All four would be in their 80s during the next term.
First, we have former Vice President Joe Biden, who would be 78 days after the 2020 election.
Then, we have Vermont Senator Bernie Sanders, who would be 79 at the time of the 2020 election.
We also have soon to be former Governor Jerry Brown of California, who would be seven months past 80 at the time of the 2020 election.
Finally, we have former NYC Mayor Michael Bloomberg, who would be three months short of 79 when the 2020 election occurs.
So all four would be in their 80s during their first term of office.
All but Bloomberg have actually been Presidential candidates, with Bloomberg flirting with it, but never taking the step.
Biden ran in 1988 and 2008, while Sanders ran in 2016, and Brown in 1976, 1980, and 1992.
The least likely to announce is Brown, but knowing his past history, who can say he would not announce?
Bloomberg seems second least likely to run, but is spending $80 million to help Democrats win the midterm elections in Congress and the states.
Both Biden and Sanders seem certainly to announce, in a field that could include more than 10 potential candidates.
If one had to project whether any of these four men might actually be the Democratic nominee, it would be Joe Biden, who is the most centrist of the four.

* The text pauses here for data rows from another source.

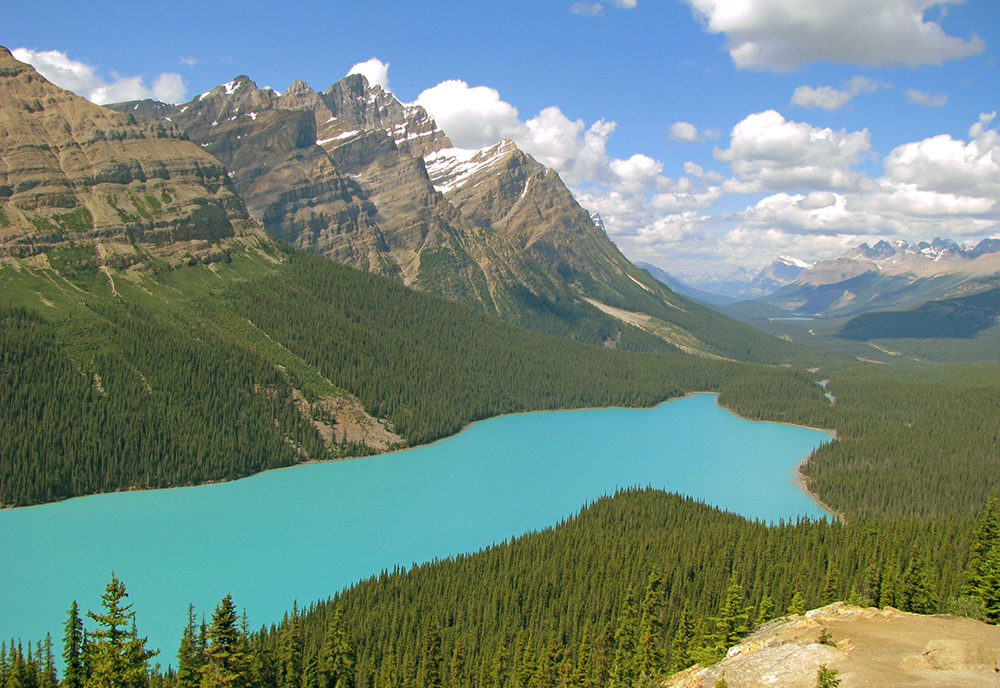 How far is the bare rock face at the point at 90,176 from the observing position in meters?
125

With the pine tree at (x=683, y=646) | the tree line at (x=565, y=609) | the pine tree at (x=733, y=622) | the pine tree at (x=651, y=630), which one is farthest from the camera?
the pine tree at (x=651, y=630)

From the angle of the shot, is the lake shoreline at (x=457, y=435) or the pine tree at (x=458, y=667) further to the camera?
the lake shoreline at (x=457, y=435)

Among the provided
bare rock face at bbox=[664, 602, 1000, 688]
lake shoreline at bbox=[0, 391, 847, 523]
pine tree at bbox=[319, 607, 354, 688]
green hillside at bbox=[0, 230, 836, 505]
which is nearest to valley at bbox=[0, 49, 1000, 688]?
pine tree at bbox=[319, 607, 354, 688]

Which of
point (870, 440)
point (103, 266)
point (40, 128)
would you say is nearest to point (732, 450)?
point (870, 440)

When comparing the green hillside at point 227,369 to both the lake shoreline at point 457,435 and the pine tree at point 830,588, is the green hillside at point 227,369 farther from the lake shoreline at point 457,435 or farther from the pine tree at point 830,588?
the pine tree at point 830,588

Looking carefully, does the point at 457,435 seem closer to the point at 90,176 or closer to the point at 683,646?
the point at 90,176

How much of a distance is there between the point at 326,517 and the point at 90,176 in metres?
91.1

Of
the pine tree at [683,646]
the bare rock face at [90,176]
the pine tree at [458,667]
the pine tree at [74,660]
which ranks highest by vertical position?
the bare rock face at [90,176]

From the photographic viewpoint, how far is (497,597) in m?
58.2

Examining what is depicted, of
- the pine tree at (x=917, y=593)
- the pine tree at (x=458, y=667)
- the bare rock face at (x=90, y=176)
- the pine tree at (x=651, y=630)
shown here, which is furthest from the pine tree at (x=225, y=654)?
the bare rock face at (x=90, y=176)

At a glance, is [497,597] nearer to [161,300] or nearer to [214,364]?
[214,364]

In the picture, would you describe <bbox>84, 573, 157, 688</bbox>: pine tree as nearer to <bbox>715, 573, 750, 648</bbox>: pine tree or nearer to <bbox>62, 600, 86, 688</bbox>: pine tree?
<bbox>62, 600, 86, 688</bbox>: pine tree

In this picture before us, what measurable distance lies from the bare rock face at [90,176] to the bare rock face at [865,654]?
122344 millimetres

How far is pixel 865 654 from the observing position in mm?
29562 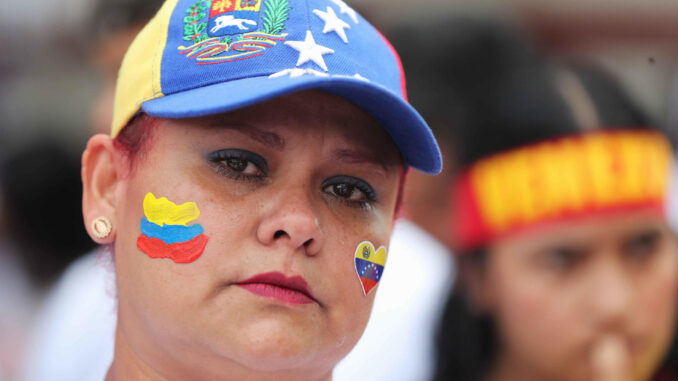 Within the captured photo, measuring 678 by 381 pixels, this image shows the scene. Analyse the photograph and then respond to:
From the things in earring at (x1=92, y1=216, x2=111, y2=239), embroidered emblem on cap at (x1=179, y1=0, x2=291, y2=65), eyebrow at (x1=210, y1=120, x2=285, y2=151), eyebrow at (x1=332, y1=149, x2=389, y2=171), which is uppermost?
embroidered emblem on cap at (x1=179, y1=0, x2=291, y2=65)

With both Sanders and Bloomberg being “independent”, outside the party membership, and both very unwilling to compromise or negotiate with party leaders, and with the Democrats insisting that only party members run for the White House, there would be massive conflict with either trying to take the Democratic nomination for the Presidency.
Truthfully, the best scenario would be a “NEW GENERATION”, someone in their 40s, 50s, or low to mid 60s, becoming the future of the party, rather than an “old timer”, who we would need to worry about more than normally, as to who their Vice President was, since the odds of an octogenarian serving a full term in the Presidency, would be quite a gamble!